====== INFORMATION
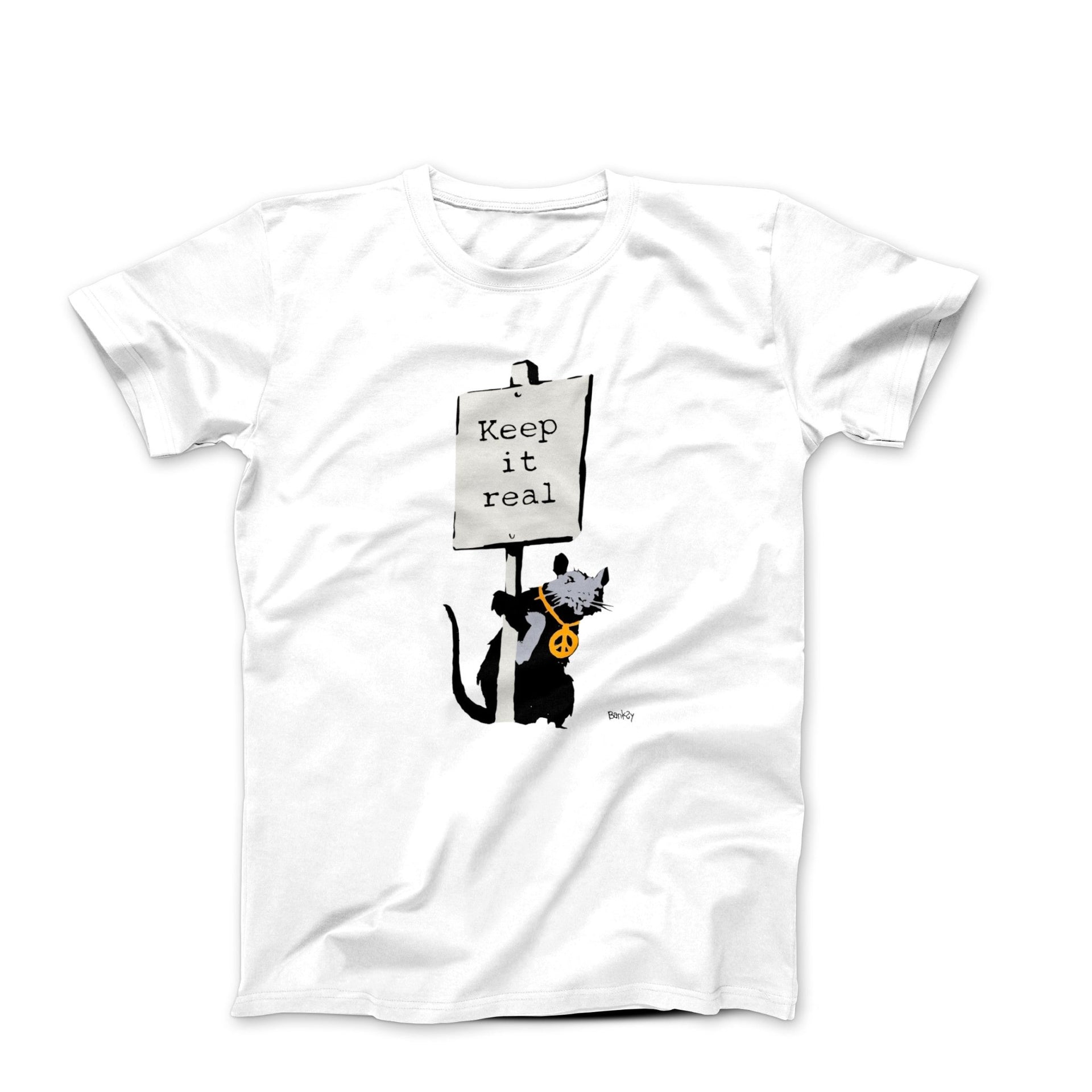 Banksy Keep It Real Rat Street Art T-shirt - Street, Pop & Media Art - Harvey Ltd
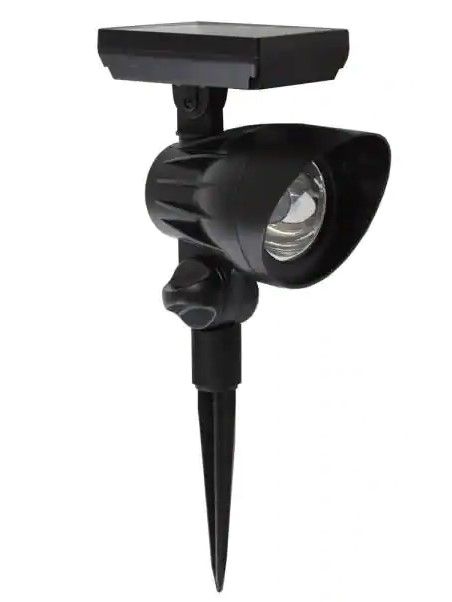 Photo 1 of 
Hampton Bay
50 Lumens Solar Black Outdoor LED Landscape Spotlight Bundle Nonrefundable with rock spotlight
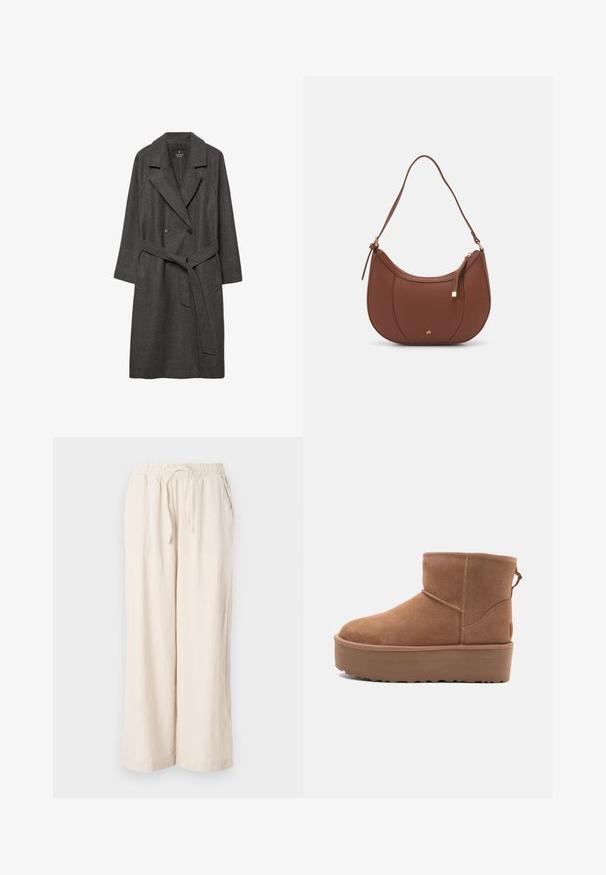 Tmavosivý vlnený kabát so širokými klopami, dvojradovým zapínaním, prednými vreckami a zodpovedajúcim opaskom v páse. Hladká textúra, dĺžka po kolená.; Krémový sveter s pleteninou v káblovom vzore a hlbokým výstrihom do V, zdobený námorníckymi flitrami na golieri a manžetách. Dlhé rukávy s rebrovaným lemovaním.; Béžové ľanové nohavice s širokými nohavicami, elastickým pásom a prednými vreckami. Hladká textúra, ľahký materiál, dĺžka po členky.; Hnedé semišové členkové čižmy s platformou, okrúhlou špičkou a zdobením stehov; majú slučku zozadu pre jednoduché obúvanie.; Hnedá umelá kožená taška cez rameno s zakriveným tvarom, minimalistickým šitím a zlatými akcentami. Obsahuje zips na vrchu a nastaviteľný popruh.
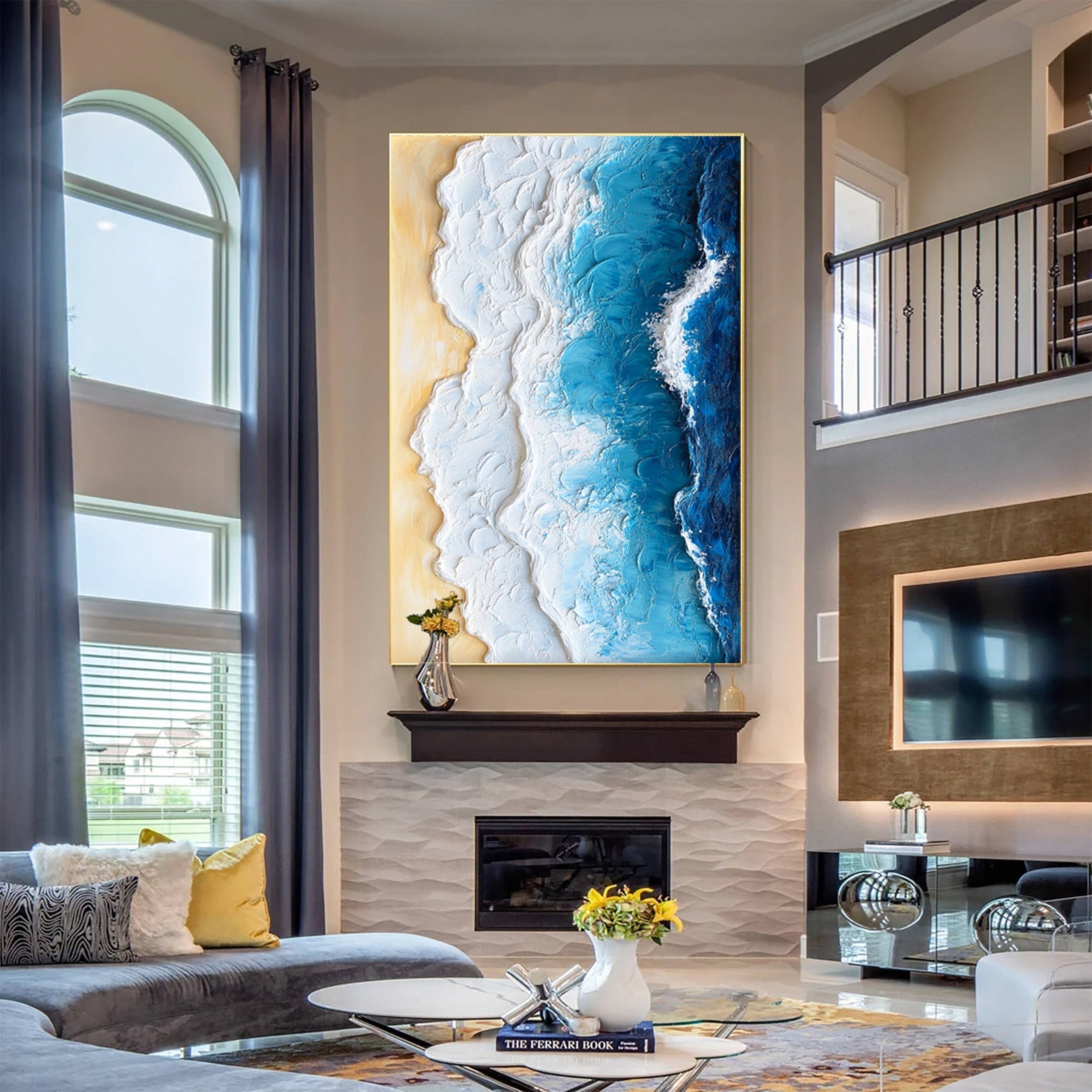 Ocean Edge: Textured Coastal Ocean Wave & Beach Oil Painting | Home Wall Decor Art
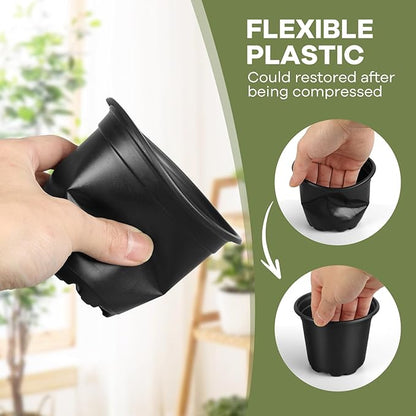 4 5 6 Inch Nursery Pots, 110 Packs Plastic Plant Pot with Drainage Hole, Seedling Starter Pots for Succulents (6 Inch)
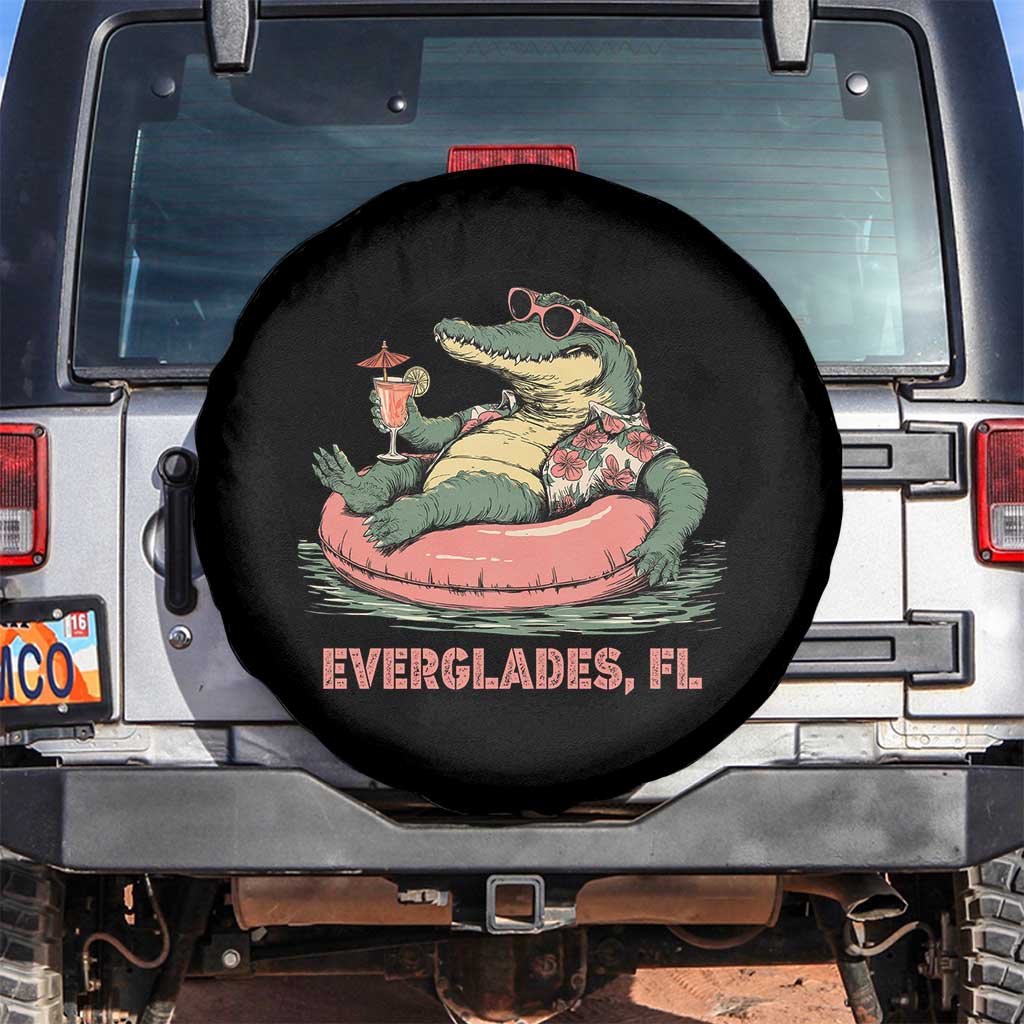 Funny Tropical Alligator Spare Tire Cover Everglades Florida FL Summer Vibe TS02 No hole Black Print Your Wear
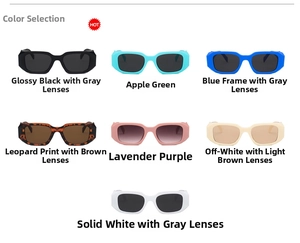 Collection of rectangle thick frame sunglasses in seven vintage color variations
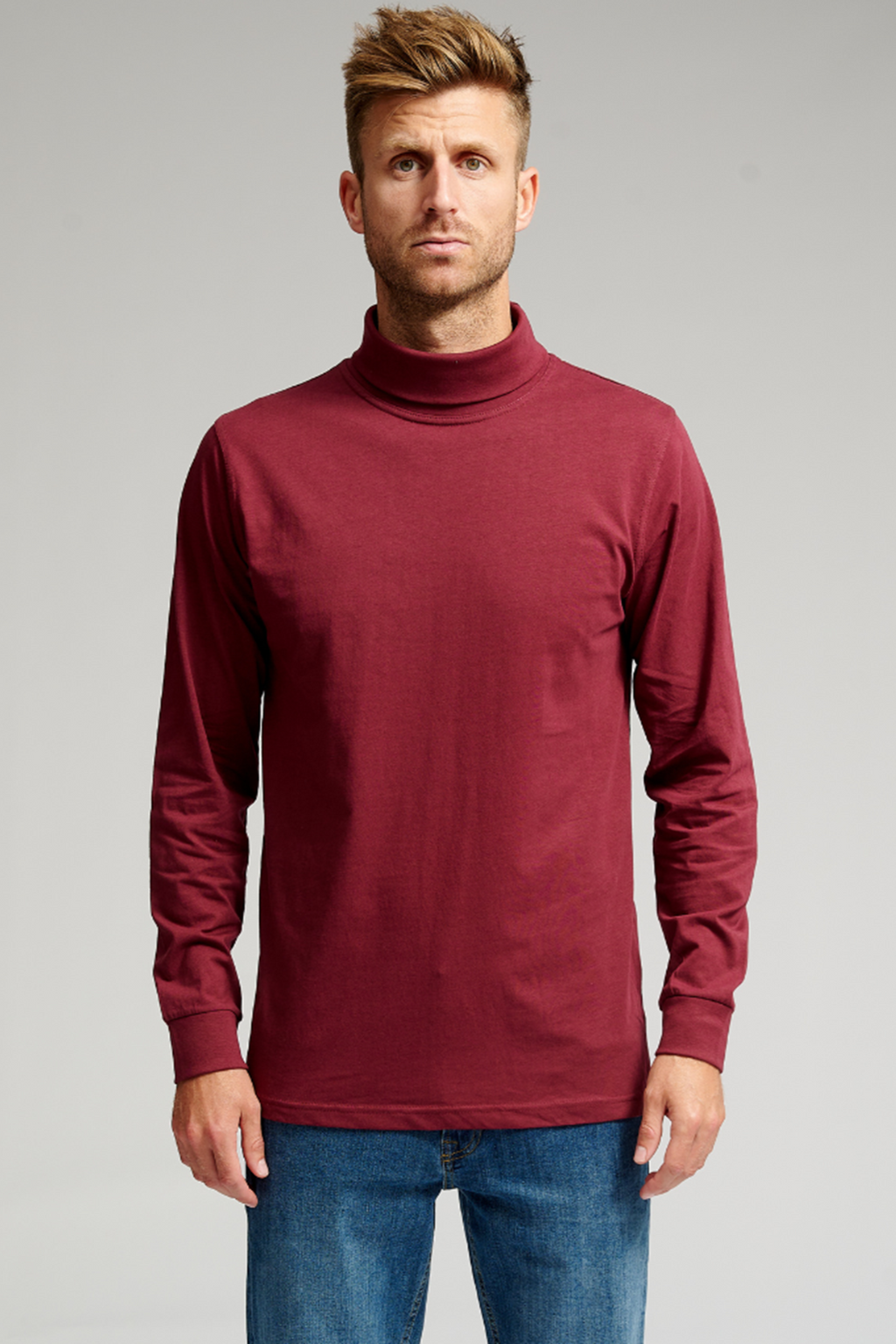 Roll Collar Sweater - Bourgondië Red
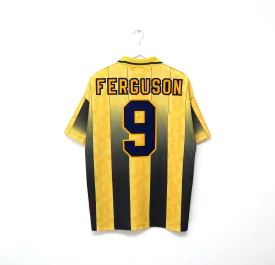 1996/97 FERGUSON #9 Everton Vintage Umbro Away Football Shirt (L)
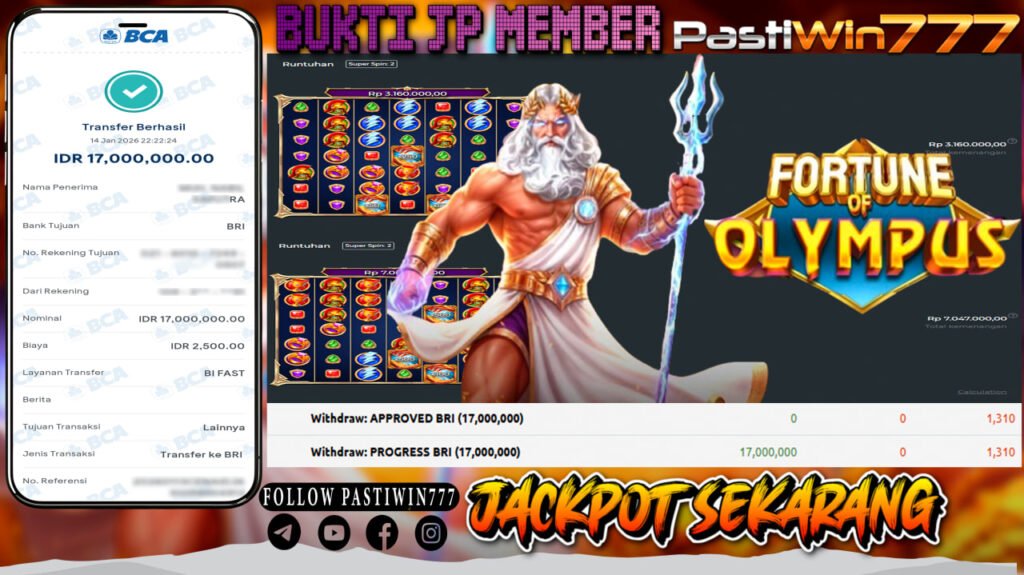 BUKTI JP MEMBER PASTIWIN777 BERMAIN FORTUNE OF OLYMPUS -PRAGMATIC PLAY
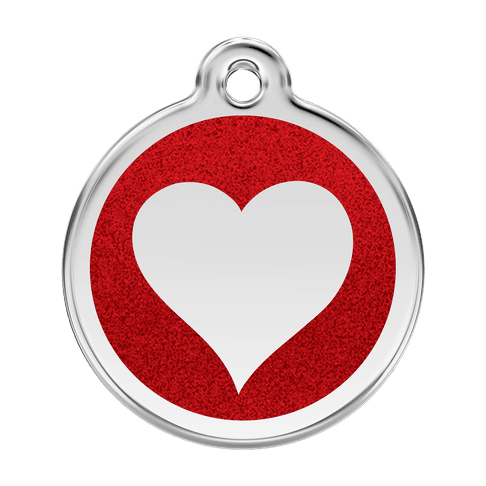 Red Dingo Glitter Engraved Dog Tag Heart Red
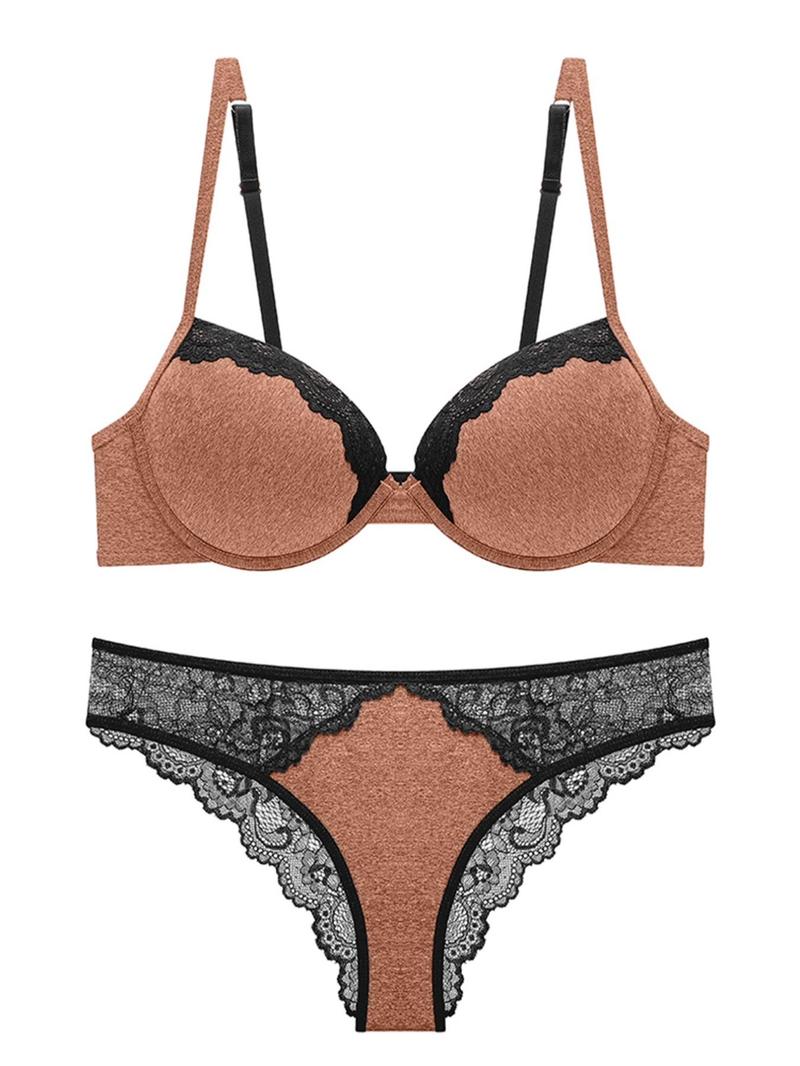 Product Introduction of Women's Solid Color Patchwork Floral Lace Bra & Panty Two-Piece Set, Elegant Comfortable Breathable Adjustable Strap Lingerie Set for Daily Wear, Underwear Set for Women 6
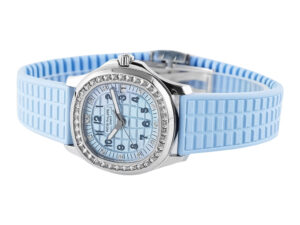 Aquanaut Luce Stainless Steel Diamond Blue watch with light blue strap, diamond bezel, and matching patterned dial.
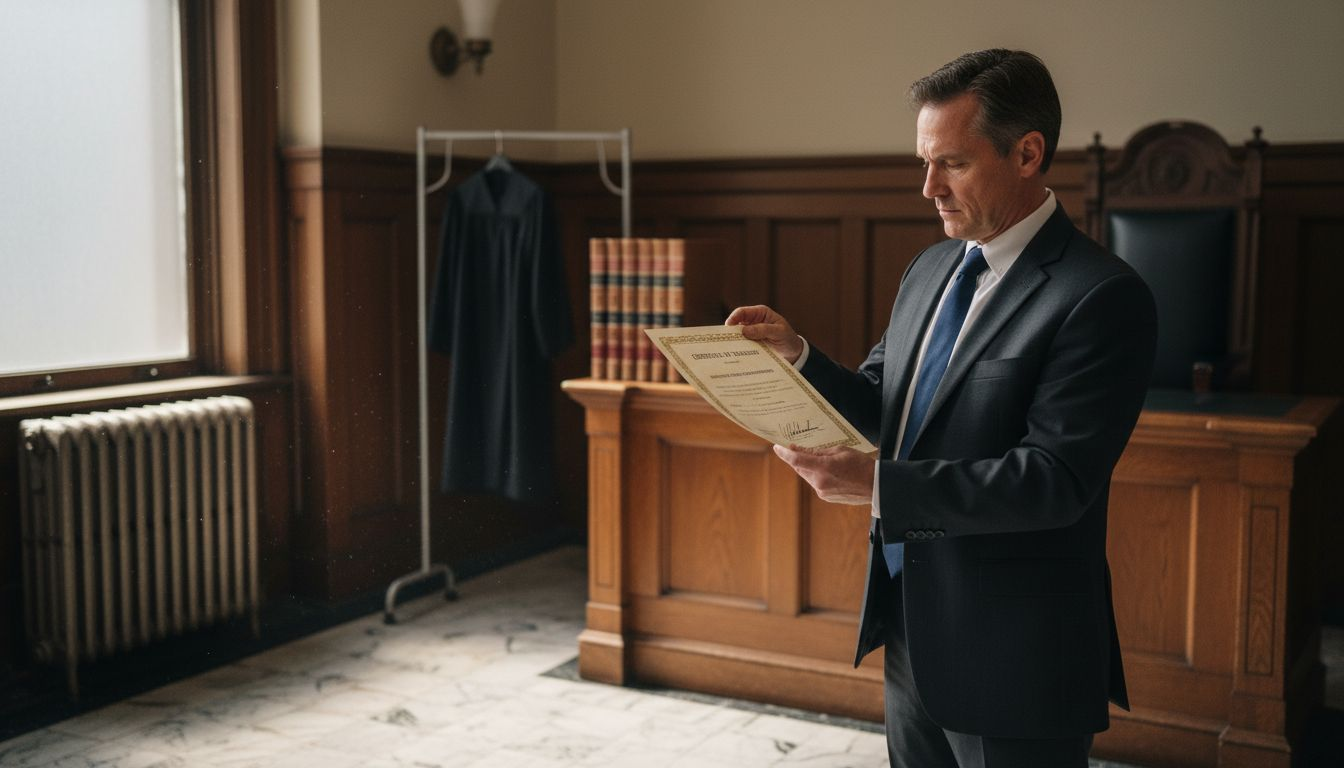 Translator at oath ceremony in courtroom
============
» AIM OF THE EXERCISE:
All of the records need to be restated word for word, but not the pictures.

» RESULT OF THE EXERCISE:
 Banksy Keep It Real Rat Street Art T-shirt - Street, Pop & Media Art - Harvey Ltd
 Photo 1 of 
Hampton Bay
50 Lumens Solar Black Outdoor LED Landscape Spotlight Bundle Nonrefundable with rock spotlight
 Tmavosivý vlnený kabát so širokými klopami, dvojradovým zapínaním, prednými vreckami a zodpovedajúcim opaskom v páse. Hladká textúra, dĺžka po kolená.; Krémový sveter s pleteninou v káblovom vzore a hlbokým výstrihom do V, zdobený námorníckymi flitrami na golieri a manžetách. Dlhé rukávy s rebrovaným lemovaním.; Béžové ľanové nohavice s širokými nohavicami, elastickým pásom a prednými vreckami. Hladká textúra, ľahký materiál, dĺžka po členky.; Hnedé semišové členkové čižmy s platformou, okrúhlou špičkou a zdobením stehov; majú slučku zozadu pre jednoduché obúvanie.; Hnedá umelá kožená taška cez rameno s zakriveným tvarom, minimalistickým šitím a zlatými akcentami. Obsahuje zips na vrchu a nastaviteľný popruh.
 Ocean Edge: Textured Coastal Ocean Wave & Beach Oil Painting | Home Wall Decor Art
 4 5 6 Inch Nursery Pots, 110 Packs Plastic Plant Pot with Drainage Hole, Seedling Starter Pots for Succulents (6 Inch)
 Funny Tropical Alligator Spare Tire Cover Everglades Florida FL Summer Vibe TS02 No hole Black Print Your Wear
 Collection of rectangle thick frame sunglasses in seven vintage color variations
 Roll Collar Sweater - Bourgondië Red
 1996/97 FERGUSON #9 Everton Vintage Umbro Away Football Shirt (L)
 BUKTI JP MEMBER PASTIWIN777 BERMAIN FORTUNE OF OLYMPUS -PRAGMATIC PLAY
 Red Dingo Glitter Engraved Dog Tag Heart Red
 Product Introduction of Women's Solid Color Patchwork Floral Lace Bra & Panty Two-Piece Set, Elegant Comfortable Breathable Adjustable Strap Lingerie Set for Daily Wear, Underwear Set for Women 6
 Aquanaut Luce Stainless Steel Diamond Blue watch with light blue strap, diamond bezel, and matching patterned dial.
 Translator at oath ceremony in courtroom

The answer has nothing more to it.